Did you know that the Internet swirls anti-clockwise in the Southern Hemisphere? Go ahead, Google it.

– bob

We Test Very Well With Tweens

Would you rather…
move your morning radio show more upscale,
or
more lowbrow?

a) The Ante Meridiem Managerie with Mister Corpulent and His Associates
b) The Poop Show.

Caller ten, right now, scores two tickets to La Boheme!

– bob

The Editorial Meeting

Friends,

I spent the weekend in America’s Finest Just Okay Merely Adequate Barely Passible City for work-type meetings and have had a surprisingly good time. Surprising, after Friday’s meeting called by the higher-ups about how we suck. That wasn’t exactly name of the event. Something about data collection and reports and the dullness and dryness that middle management functionaries wallow in, but I’m mostly not allowed to talk about it. I guess they’re very sensitive. You know, about their crabbiness.
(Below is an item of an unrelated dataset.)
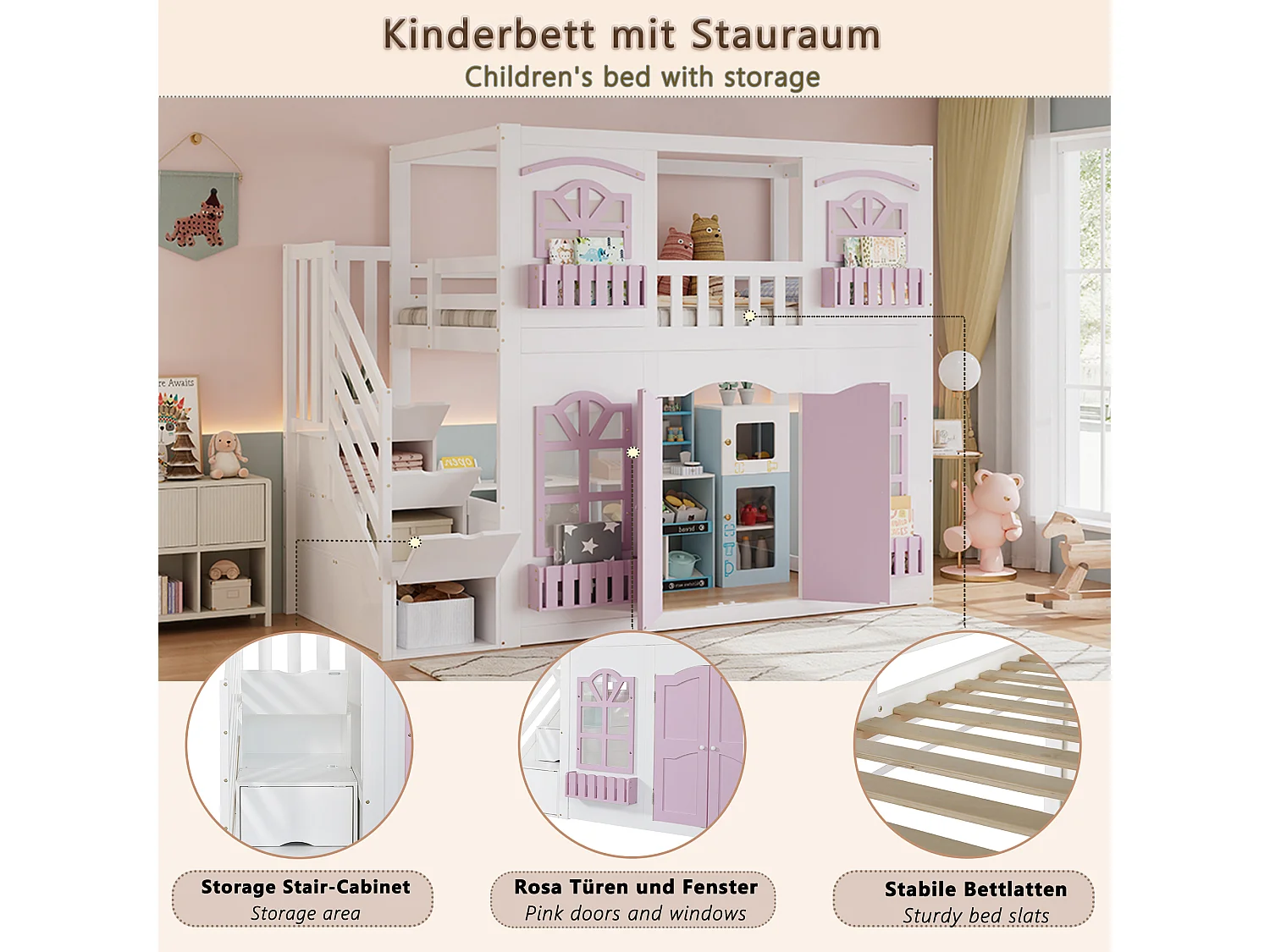 Lit superposé enfant 90x200 cm - avec portes et fenêtres - escalier avec rangements - rayonnage de stockage - Bois massif + MDF - Blanc + Rose (sans matelas)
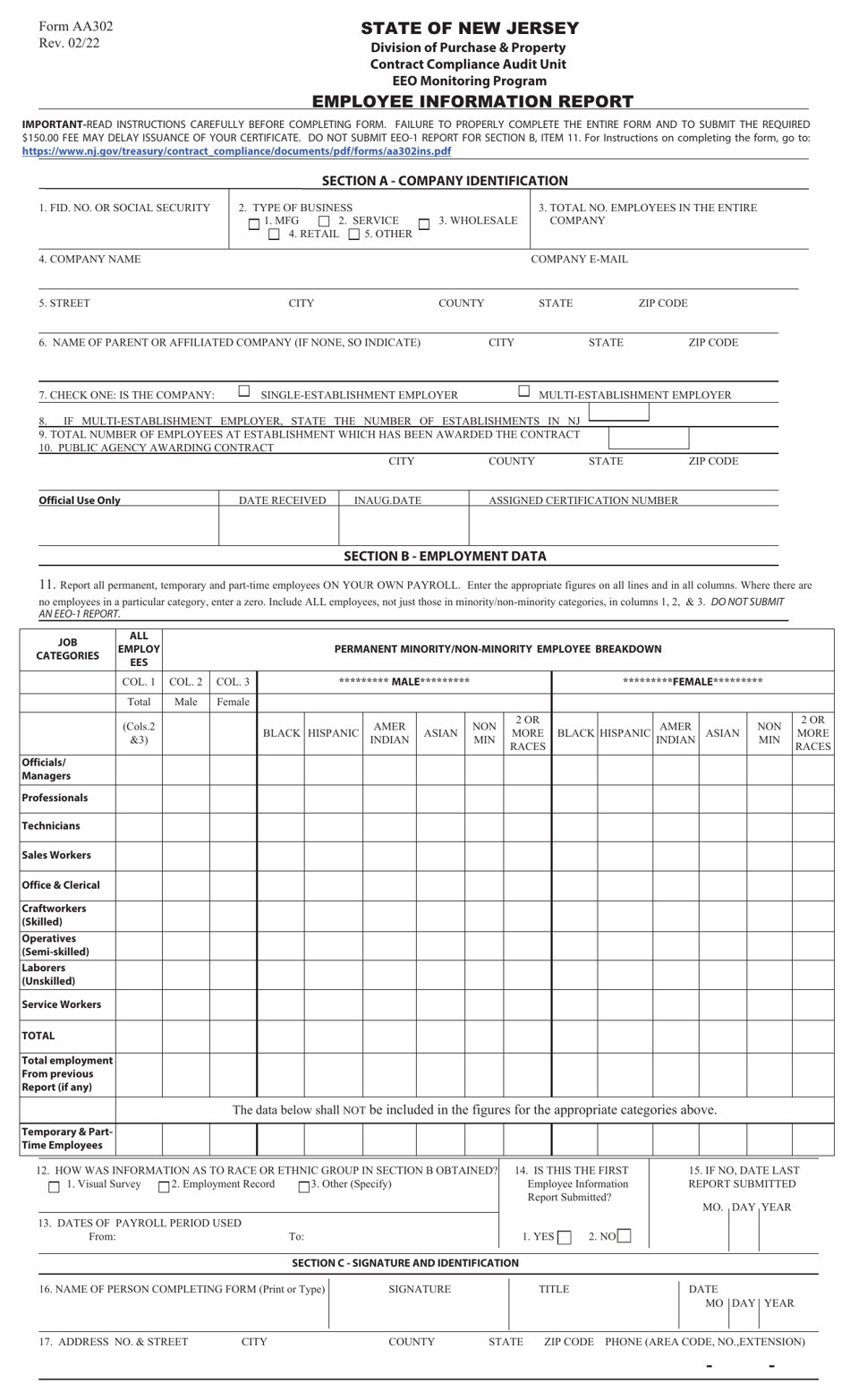 Form AA302 Employee Information Report - New Jersey, Page 1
The funny thing is this. I called it a week ago. I accused them of holding a grand “finger-pointing exercise” and wanted no part of it. Tempers flared, accusations were leveled, and my presence became mandatory. Speaking of inappropriate, I probably shouldn’t have told Mr. Boss “I told you so,” but that’s how it went. Cripes, what a nightmare.

But wait! What about the mailbag? We don’t have a mailbag. Okay, we do, but nobody sends anything to it. That’s not to say the we don’t receive criticism. Let’s chat with the editor:

  • yeah, apparently you’re a right wing jerk. – ed
  • Um, what? Me? Mister peace and love?
  • well fruitcake, you supported the war, and you’ve got this free market, anti-immigrant thing going on.
  • Wait a minute, anti-illegal immigrant, thank you very much.
  • well, ain’t that cute. you’re against people fleeing their corrupt, third-world existence to the promise of a better life. nice.
  • Only when we’re paying for it.
  • small-l libertarianism. isn’t that the current vogue?
  • Not anymore, I guess. It’s a post-partisan world now. Or didn’t you see the State of the State speech.
  • and the war?
  • I’m going with the moderates on this one. Right war, wrong time.
  • are you kidding me? you’re supporting that brain-dead idiot?
  • Can you hear yourself? He’s a knucklehead and he’s botched the middle and the end part. Maybe Obama can fix it!
  • jeebus, i’m depressed.
  • Me too.

There was a little more in that meeting with the editor, but it was mostly gentle sobbing, and we held hands for a little while. In a totally manly way, though.

Your pal,

bob

It’s The Cubicle Way

Would you rather…
irritate the nice OnStar lady,
or
be the next casualty in The Great Yummy Smells War?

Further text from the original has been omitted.